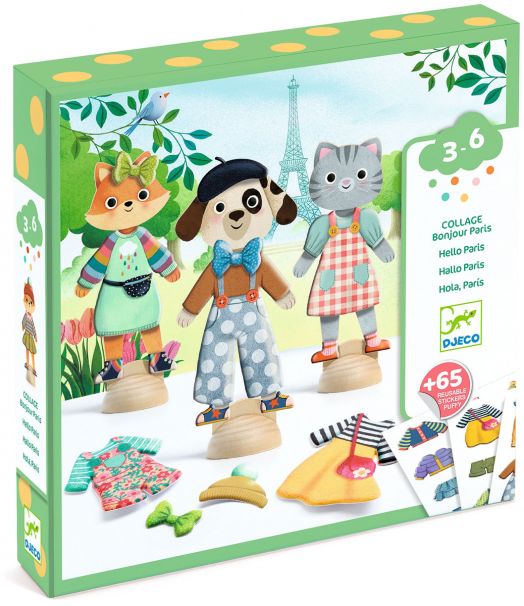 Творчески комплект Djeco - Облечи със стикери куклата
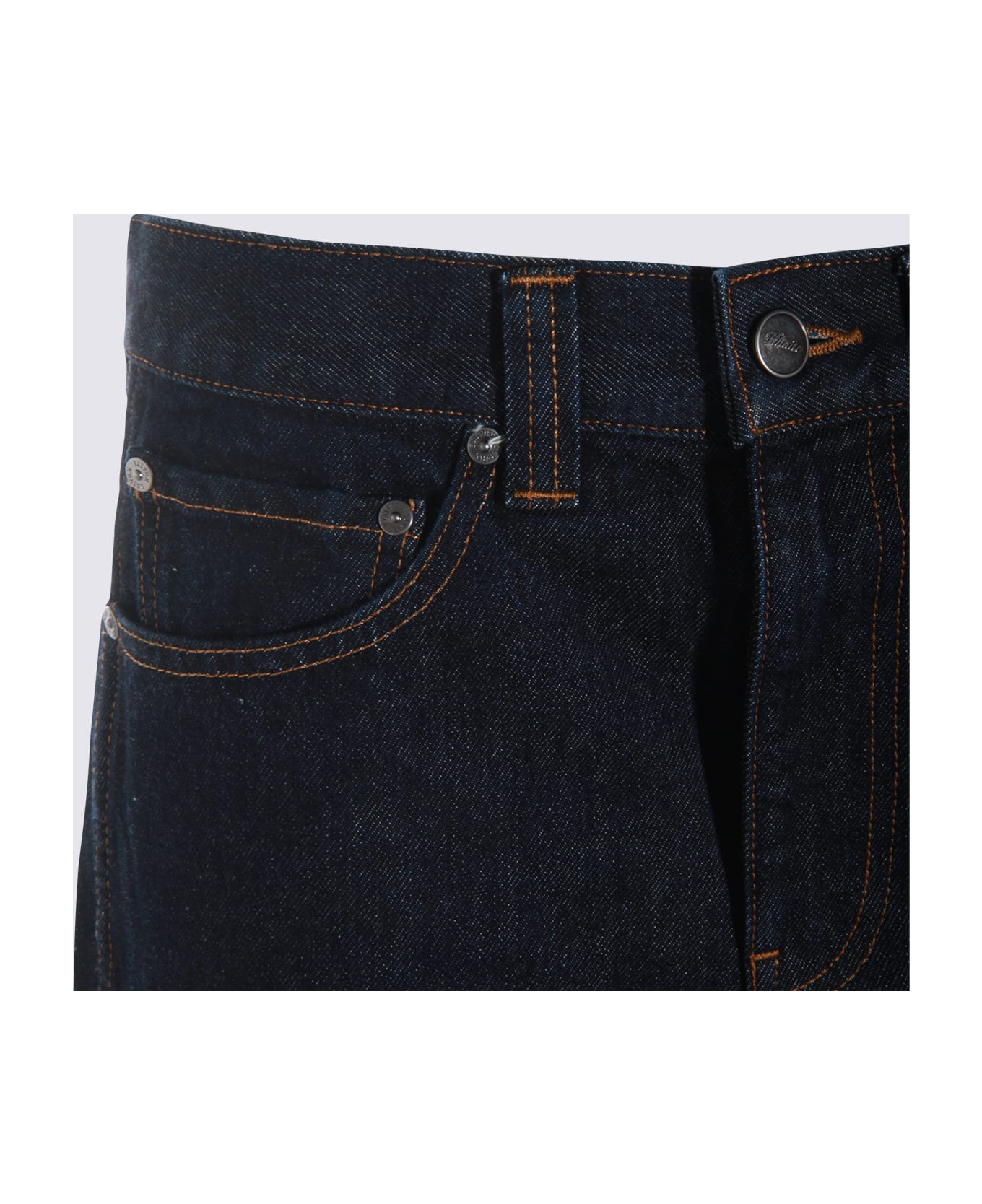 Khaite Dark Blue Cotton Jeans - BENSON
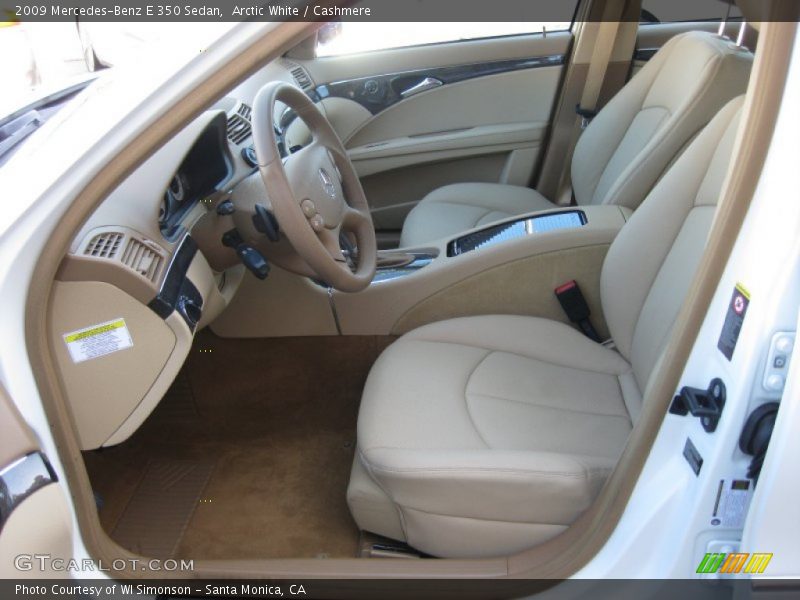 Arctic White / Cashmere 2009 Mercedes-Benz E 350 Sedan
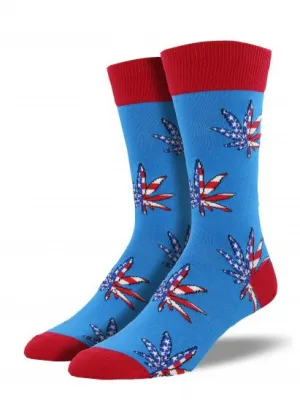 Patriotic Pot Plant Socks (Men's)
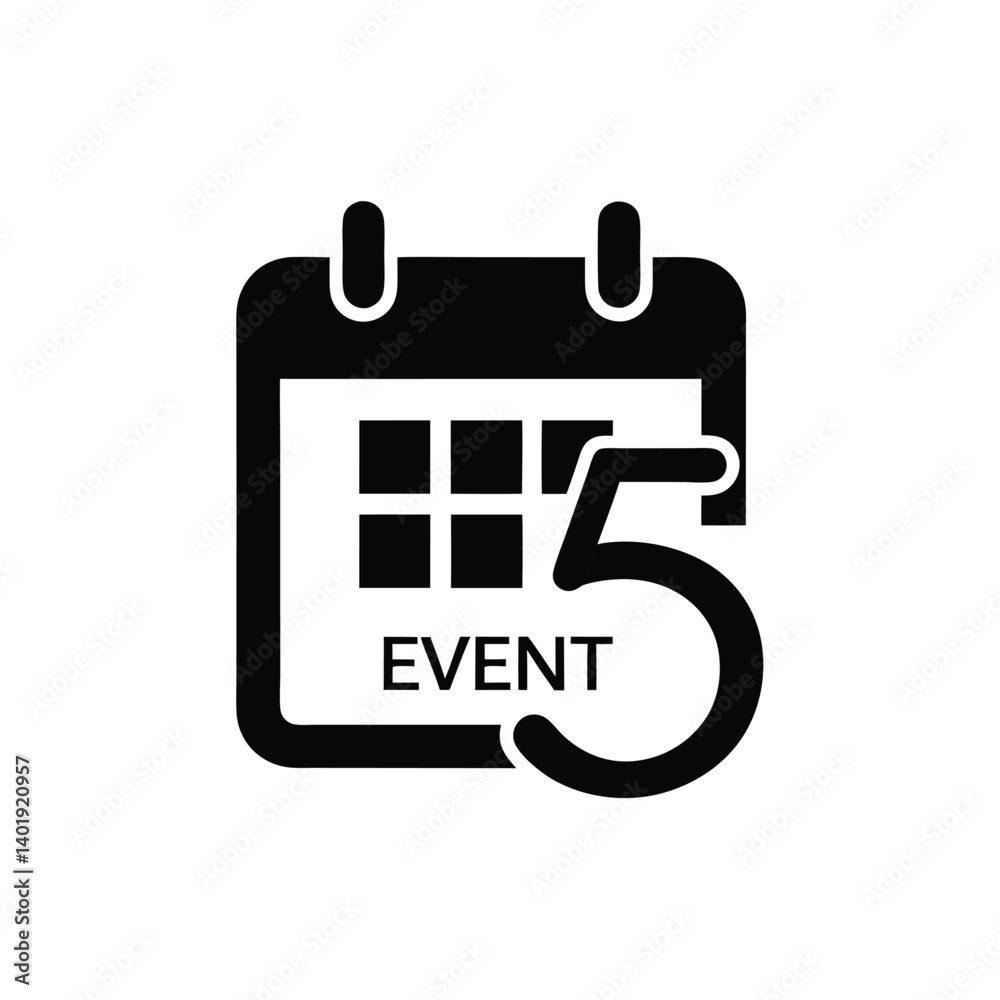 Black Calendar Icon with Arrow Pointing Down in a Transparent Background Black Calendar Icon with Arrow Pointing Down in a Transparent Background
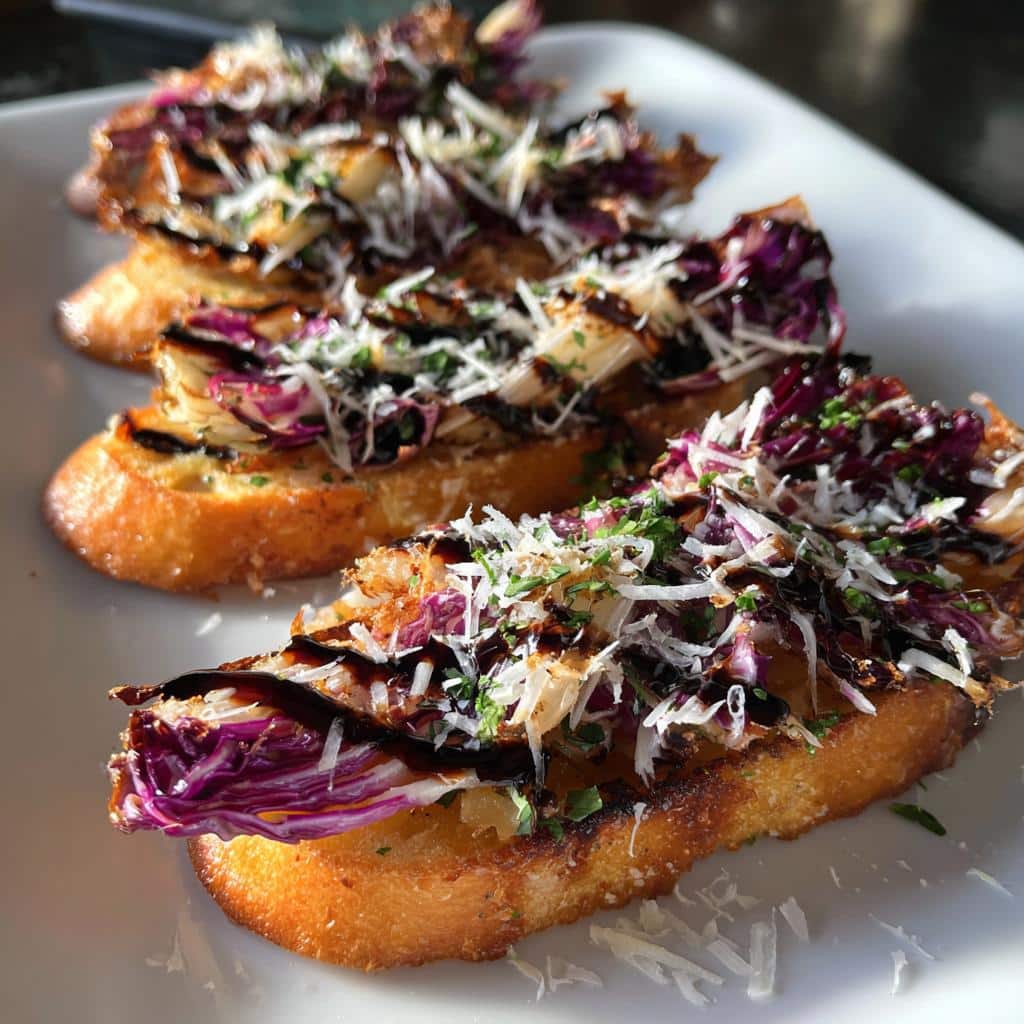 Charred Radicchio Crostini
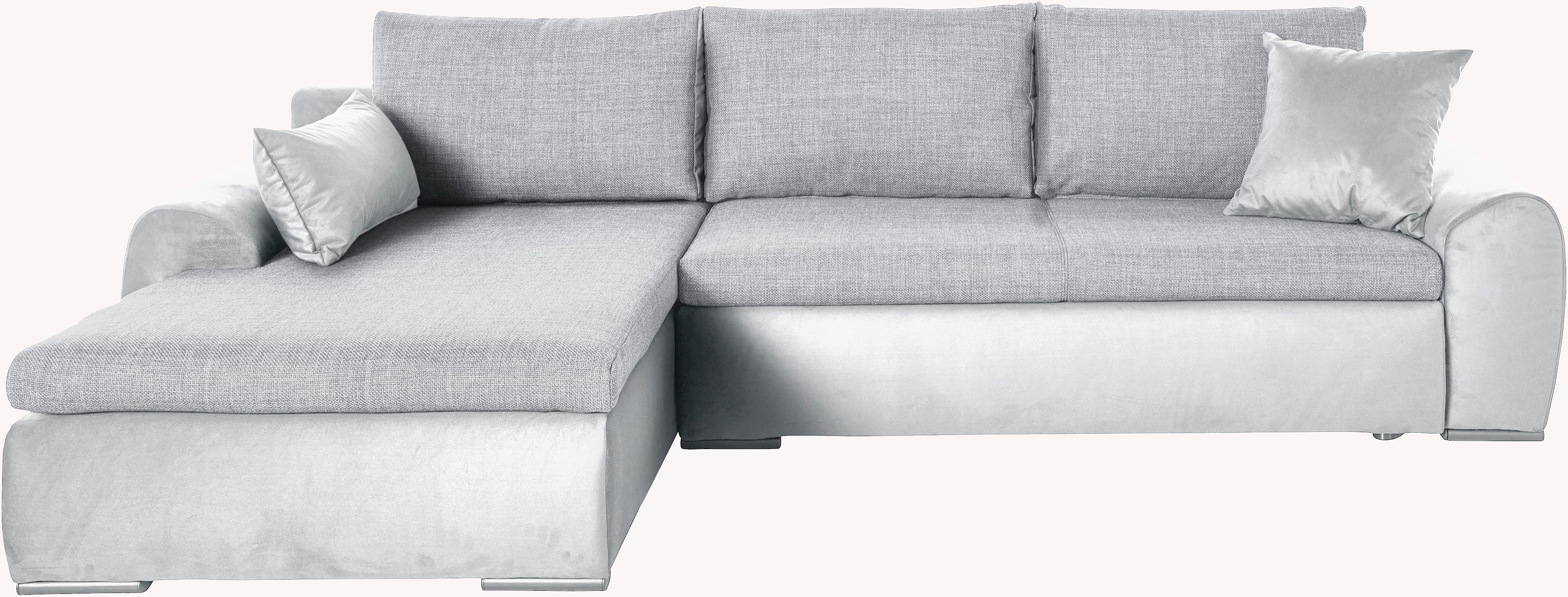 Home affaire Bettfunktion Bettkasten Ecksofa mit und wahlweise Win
────────────────────
## What to work on
Your task is to repeat only the lines from the line containing "Arctic White /" through the final line of the material, inclusive; do not include pictures.

## Completed exercise
 Arctic White / Cashmere 2009 Mercedes-Benz E 350 Sedan
 Patriotic Pot Plant Socks (Men's)
 Black Calendar Icon with Arrow Pointing Down in a Transparent Background Black Calendar Icon with Arrow Pointing Down in a Transparent Background
 Charred Radicchio Crostini
 Home affaire Bettfunktion Bettkasten Ecksofa mit und wahlweise Win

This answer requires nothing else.